--- START ---
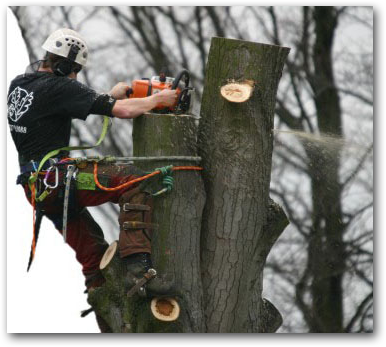 Tree surgeon Loughton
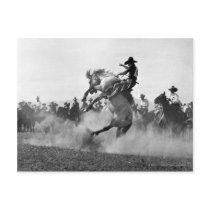 Cowboy on a bucking bronco postcards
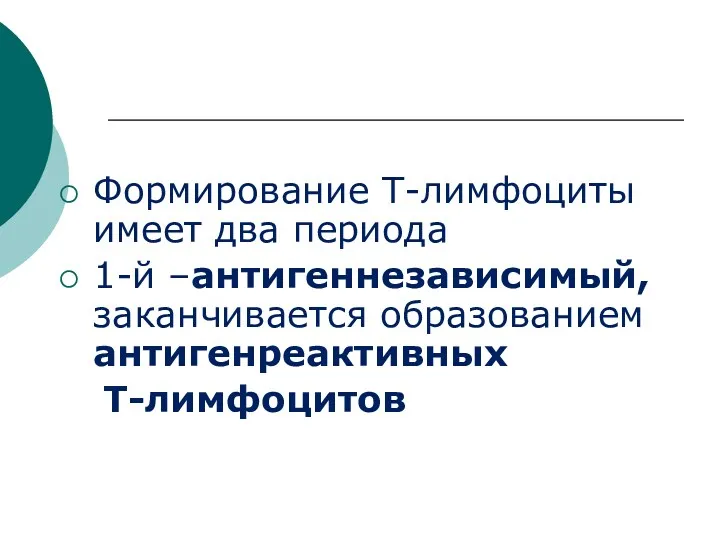 Формирование Т-лимфоциты имеет два периода 1-й –антигеннезависимый, заканчивается образованием антигенреактивных Т-лимфоцитов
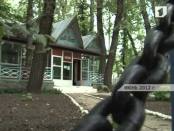 Четыре смены в летних лагерях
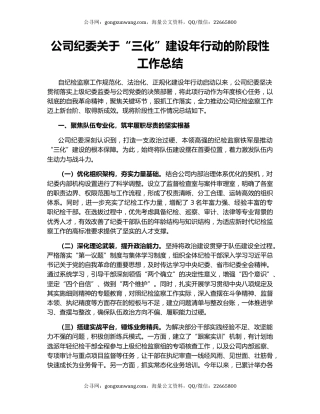 公司纪委关于“三化”建设年行动的阶段性工作总结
--- END ---
:: Work task ::
Copy verbatim the span that begins at the line containing "Cowboy on a bucking bronco postcards" and ends at the last line of the material, inclusive of both; exclude pictures.

:: Result below ::
 Cowboy on a bucking bronco postcards
 Формирование Т-лимфоциты имеет два периода 1-й –антигеннезависимый, заканчивается образованием антигенреактивных Т-лимфоцитов
 Четыре смены в летних лагерях
 公司纪委关于“三化”建设年行动的阶段性工作总结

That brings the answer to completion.